O ex-presidente Donald Trump rejeitou a idéia de começar um terceiro partido político e, em vez disso, provocou a idéia de uma corrida em 2024 em um discurso no domingo em uma conferência conservadora.

“Eu não estou começando uma nova festa. Essas foram notícias falsas, não ”, disse Trump aos apoiadores, minutos após seu discurso que encerrou a Conferência de Ação Política Conservadora de quatro dias em Orlando, Flórida. “Não seria brilhante? Vamos começar um novo partido e vamos dividir nosso voto para que você nunca ganhe. Não, não estamos interessados ​​nisso. ”

Trump recitou as realizações de seu mandato na Casa Branca, repetiu sua falsa alegação de que ganhou as eleições de 2020 e acrescentou: “Quem sabe? Posso até decidir vencê-los pela terceira vez. ”

O discurso no CPAC foi a primeira aparição pública de Trump desde que ele deixou o cargo há 39 dias. Desde então, ele manteve um perfil anormalmente baixo, prejudicado em grande parte porque foi banido do Twitter e do Facebook após o motim de 6 de janeiro no Capitólio dos Estados Unidos que levou ao seu impeachment e subsequente absolvição do Senado.

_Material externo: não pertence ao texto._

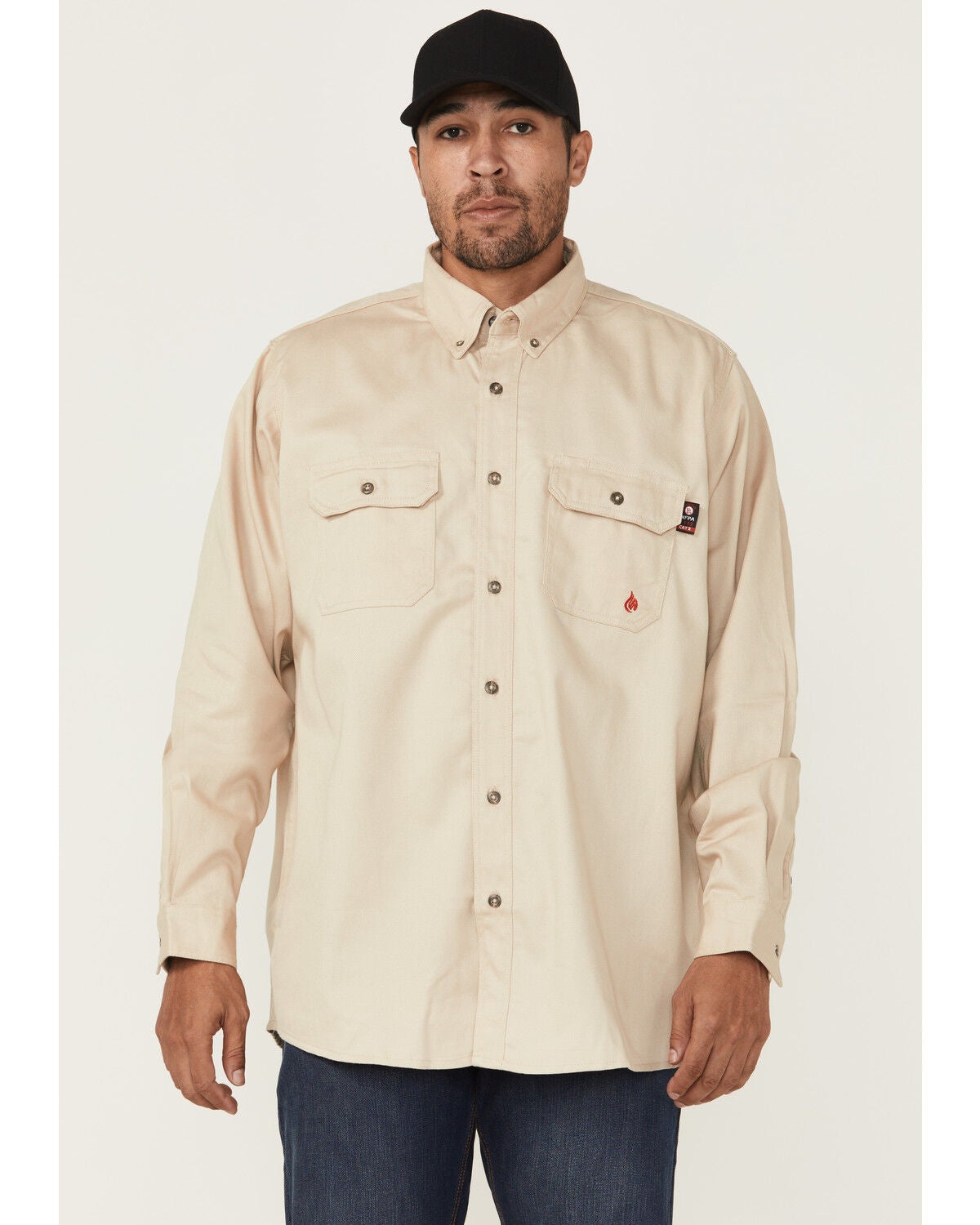 Forge Workwear Men's FR Solid Long Sleeve Button-Down Work Shirt, Stone, hi-res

Em declarações enviadas por e-mail e um punhado de entrevistas para meios de comunicação amigáveis, ele criticou o líder da minoria no Senado Mitch McConnell, elogiou o apresentador de talk show Rush Limbaugh e fez alegações infundadas de fraude eleitoral – tudo isso enquanto evitava perguntas sobre seu futuro no partido.

Suas observações ratificaram o consenso da conferência de que este não é um movimento conservador afundando em sua derrota para o democrata Joe Biden, mas sim um governo em espera, contando os três anos e 11 meses para Trump “Make America Great De novo de novo.

Em uma enquete, 97% dos participantes aprovaram sua liderança no partido, 70% querem que ele concorra novamente e 55% disseram que ele era o candidato preferido em 2024. (Os outros principais candidatos eram leais a Trump: o governador da Flórida Ron DeSantis, seguido pelo governador da Dakota do Sul, Kristi Noem e Donald Trump Jr.)

A recepção empolgante de Trump na reunião conservadora mais importante do calendário destaca o quanto Trump transformou o movimento em apenas cinco anos.

Em 2016, Trump cancelou abruptamente sua participação no evento em meio a planos para uma greve de conservadores que questionaram seu compromisso com a causa e exigem que ele responda às perguntas de um moderador como os outros candidatos.

No domingo, ele foi o mais próximo de um festival de três dias de conservadorismo com sabor de Trump que deixou sua marca inegável.

A conferência incluiu pelo menos sete painéis discutindo credulamente as alegações de Trump de uma eleição roubada em 2020, apesar de dezenas de decisões judiciais decidirem o contrário.

Principais figuras do gabinete de Trump – pelo menos, aqueles que ainda são leais ao ex-presidente – receberam palestras: o ex-secretário de Estado Mike Pompeo, o representante comercial Robert Lighthizer, o diretor em exercício da Inteligência Nacional Ric Grenell e o diretor de orçamento Russ Vought.

Conservadores proeminentes que deixaram a órbita de Trump não foram encontrados em lugar nenhum, incluindo McConnell e sua esposa, a ex-secretária de Transporte de Trump Elaine Chao, a ex-embaixadora da ONU Nikki Haley e a representante do Wyoming Liz Cheney. Até o antigo companheiro de chapa de Trump, o ex-vice-presidente Mike Pence, recusou o convite.